■ EXERCISE INSTRUCTIONS ■
Transcribe the listing in full, word for word; pictures do not belong in the copy.

■ SUPPLIED INFORMATION ■

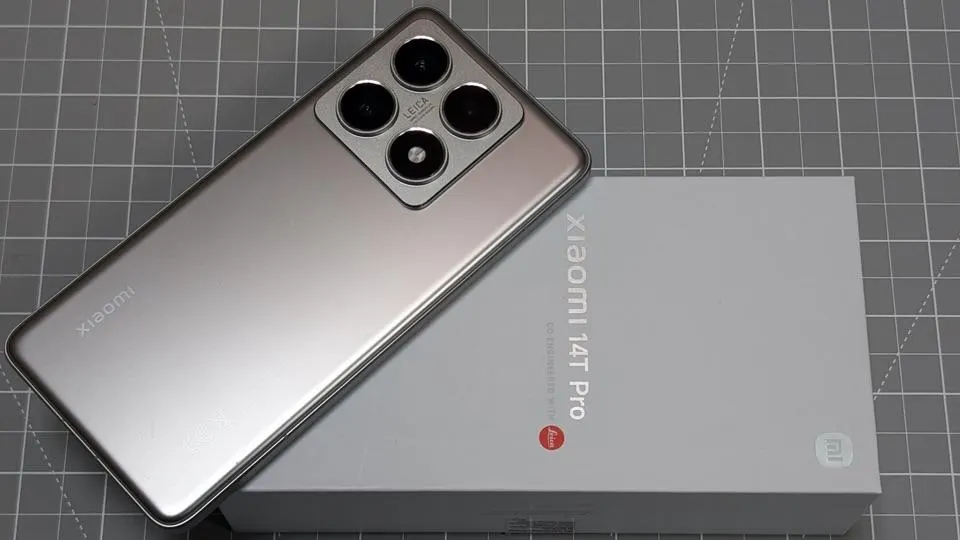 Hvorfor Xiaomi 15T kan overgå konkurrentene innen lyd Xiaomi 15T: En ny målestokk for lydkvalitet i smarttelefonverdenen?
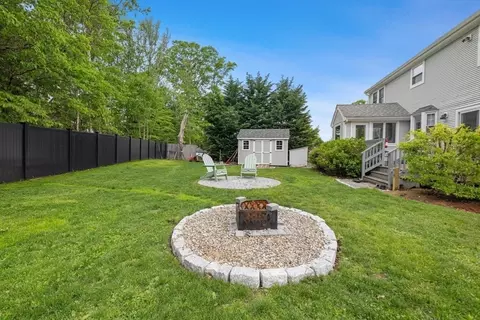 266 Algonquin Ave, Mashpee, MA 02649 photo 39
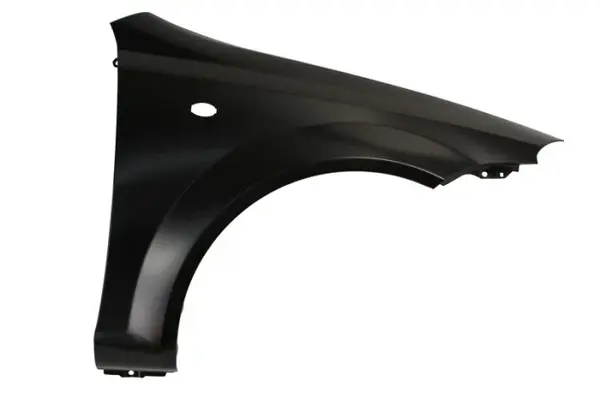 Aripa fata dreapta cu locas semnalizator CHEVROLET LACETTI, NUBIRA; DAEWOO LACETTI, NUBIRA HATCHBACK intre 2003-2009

■ ANSWER TO THIS TASK ■
 Hvorfor Xiaomi 15T kan overgå konkurrentene innen lyd Xiaomi 15T: En ny målestokk for lydkvalitet i smarttelefonverdenen?
 266 Algonquin Ave, Mashpee, MA 02649 photo 39
 Aripa fata dreapta cu locas semnalizator CHEVROLET LACETTI, NUBIRA; DAEWOO LACETTI, NUBIRA HATCHBACK intre 2003-2009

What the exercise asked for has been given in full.